ピーエスアイ(PSI)とSAPジャパンは8月24日、地域の農産業活性の支援を目的として、PSIの「DMC(Digital Material Controller)」と「SAP BTP(SAP Business Technology Platform)」の連携を基軸としたデジタル・サプライチェーン・プラットフォームの提供を開始すると発表した。

DMCはオールインワン型のエッジサーバで、サイバー防御にも対応するIoT(Internet of Things:モノのインターネット)環境を構築できる。一方のSAP BTPは、データベースとデータの管理、アプリケーションの開発と統合、分析、インテリジェントテクノロジーなどで構成される統合型の製品。

今回両社が提供を開始するデジタル・サプライチェーン・プラットフォームでは、DMCが各種センサーから収集したデータをセキュアにサイバー防御しながらSAP BTPとリアルタイムに連携し、SAP BTPはDMCから受け取ったデータに基づいてAI(Artificial Intelligence:人工知能)などを活用した分析とレポーティングを実施する。

過去に実施した実証実験では、埼玉県秩父郡にある放棄農地や小規模農産業を対象に同プラットフォームを導入し、味噌蔵の熟成工程の可視化に挑戦したという。
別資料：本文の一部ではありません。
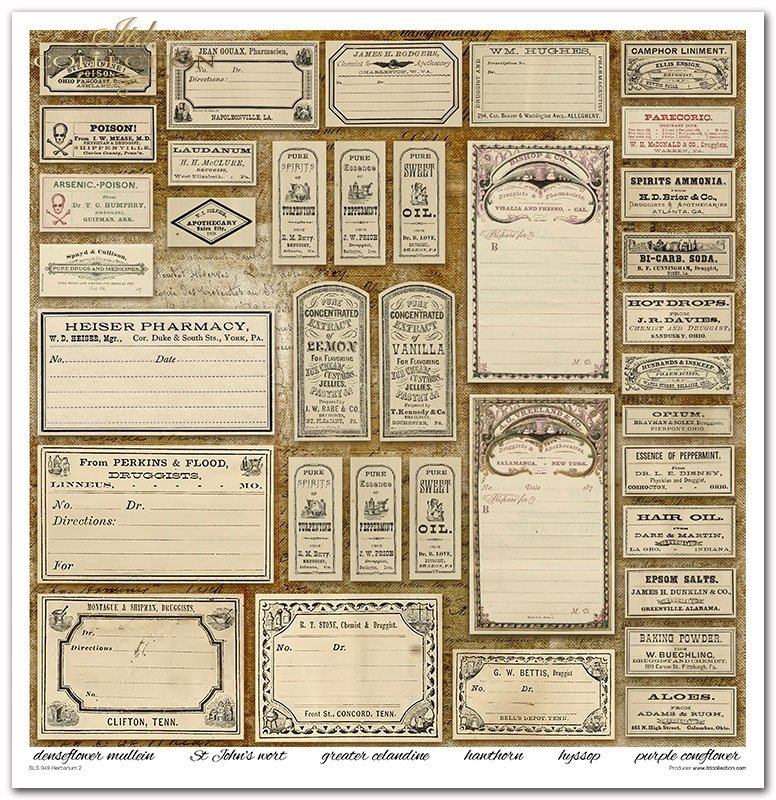 ITD Collection - Herbarium 2 Scrapbooking Papers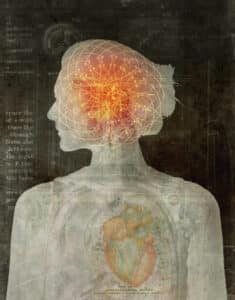 مجال علم النفس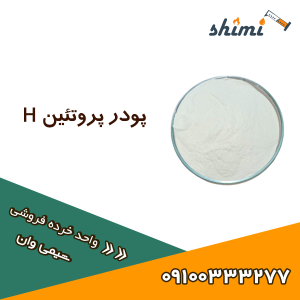 پودر-پروتئین-H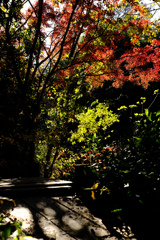 フォト散歩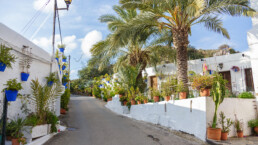 Sopalmo, lugar escondido de Mojácar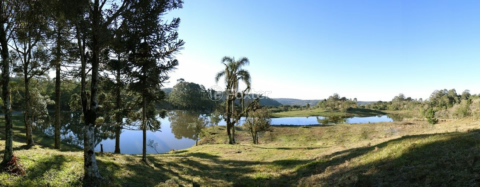 Image 24 - 1039745
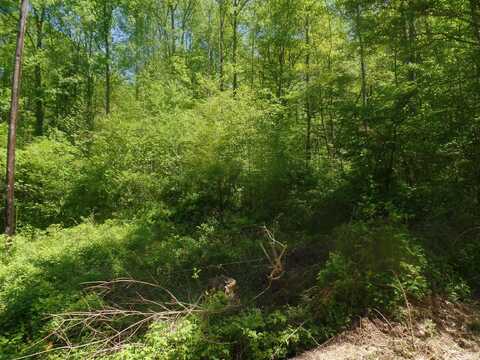 10130 E Dobson Road, Bloomfield, IN 47424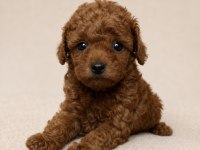 Sevimli Toy Poodle Yavruları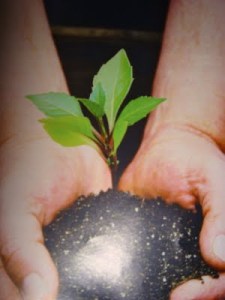 Proses tarbiyah umpama menyemai benih, menjaga dan memeliharanya sehingga menjadi sebatang pokok yang rendang, hidup dan subur.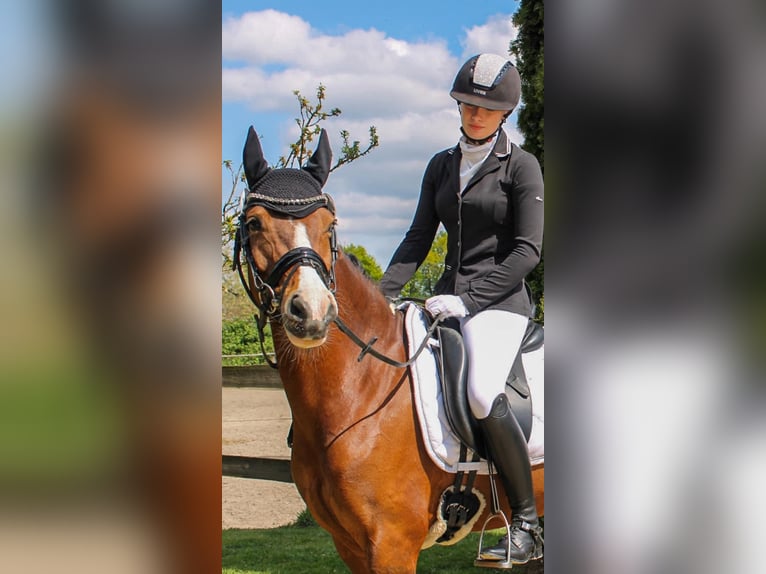 Deutsches Reitpony Stute 12 Jahre 150 cm Schecke in Marl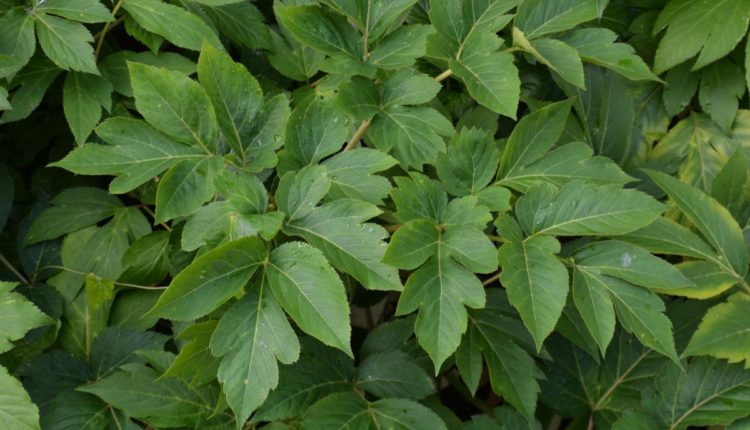 Αυτό είναι το φυτό της αντιγήρανσης και της μακροζωίας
味噌蔵の温度や湿度をDMCに無線接続したセンサーで測定し、そのデータをSAP BTPで分析しリアルタイムに分析結果を味噌蔵で表示させることで、適切な味噌蔵の温湿度の管理が可能となり、熟練してない職人でも高品質な味噌づくりを行えたとのことだ。

両社は今後について、DMCとSAP BTPの連携を基軸としたプラットフォームを多くの地域に展開することで、地域の農産業活性の支援をするとともに、社会の持続可能性と農産業物の自給率向上への貢献を目指すとしている。